New York
CNN
—
The world learned relatively quickly that cybersecurity firm CrowdStrike was behind a crippling global tech outage on Friday. But figuring out who will pay the bill for the damages could take a lot longer.
What one cybersecurity expert said appears to be the “largest IT outage in history” led to the cancellation of more than 5,000 commercial airline flights worldwide and disrupted businesses from retail sales to package deliveries to procedures at hospitals, costing revenue and staff time and productivity.
The problem was caused by a few bits of CrowdStrike’s own bad code in a software “content update.” Unfortunately, fixing the mistake was much more time consuming than causing it, and it could be days before all the systems are back to normal.
While CrowdStrike has apologized, it has not mentioned whether or not it intends to provide compensation to affected customers. And when asked by CNN about whether it plans to provide compensation, its response did not address that question.
Experts say they expect that there will be demands for remuneration and very possibly lawsuits.
“If you’re a lawyer for CrowdStrike, you’re probably not going to enjoy the rest of your summer,” said Dan Ives, a tech analyst for Wedbush Securities.
Experts largely agree it’s too early to get a firm handle on the price tag for Friday’s global internet breakdown. But those costs could easily top $1 billion, said Patrick Anderson, CEO of Anderson Economic Group, a Michigan research firm that specializes in estimating the economic cost of events like strikes and other business disruptions.

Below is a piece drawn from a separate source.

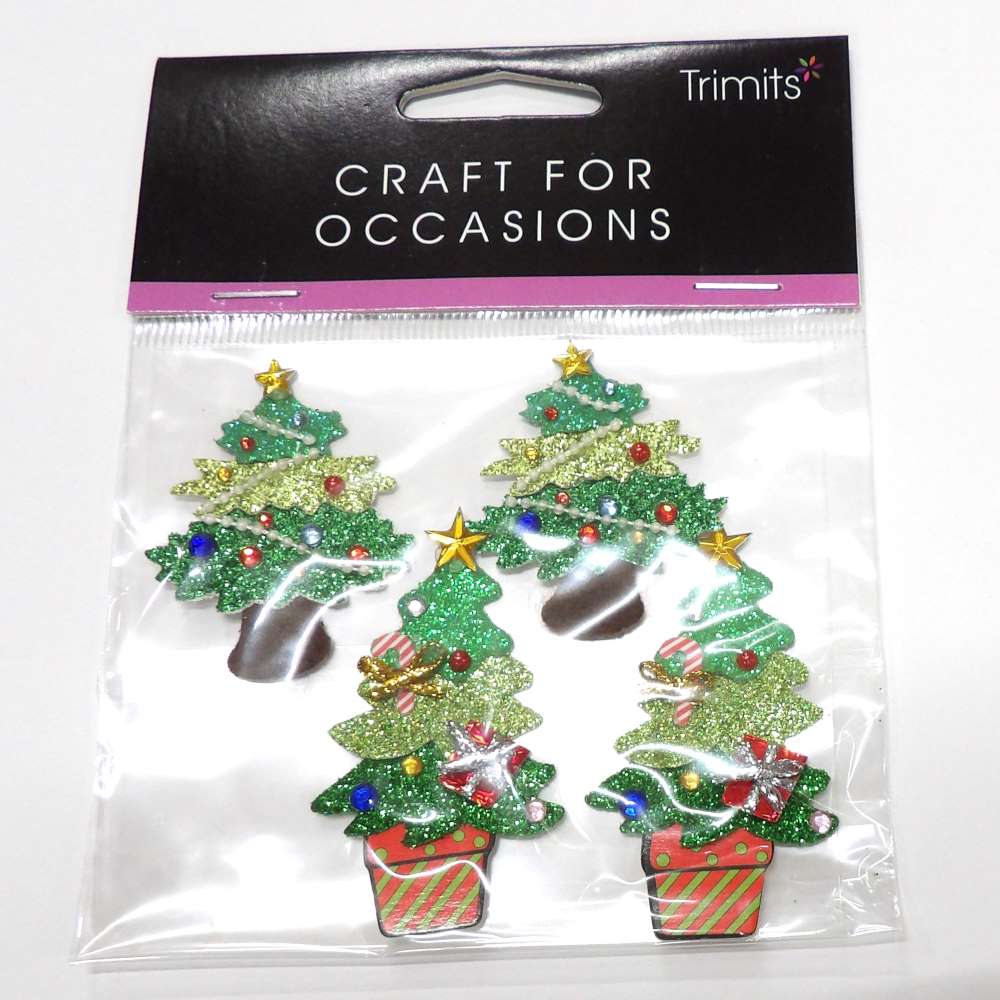 Card of 4 Christmas tree trims with sticky pad on the back for cards and crafts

His firm estimates that a recent hack of CDK Global, a software firm that serves US car dealerships, reached that $1 billion cost mark. While that outage lasted much longer, about three weeks, it was restricted to one narrow industry.
“This outage is affecting far more consumers and businesses in a way that ranges from inconvenience to serious disruptions and resulted in out of pocket costs they can’t get back easily,” he said. Anderson added that the costs could be particularly significant for airlines, due to lost revenue from canceled flights and excess labor and fuel costs for the planes that did fly but faced significant delays.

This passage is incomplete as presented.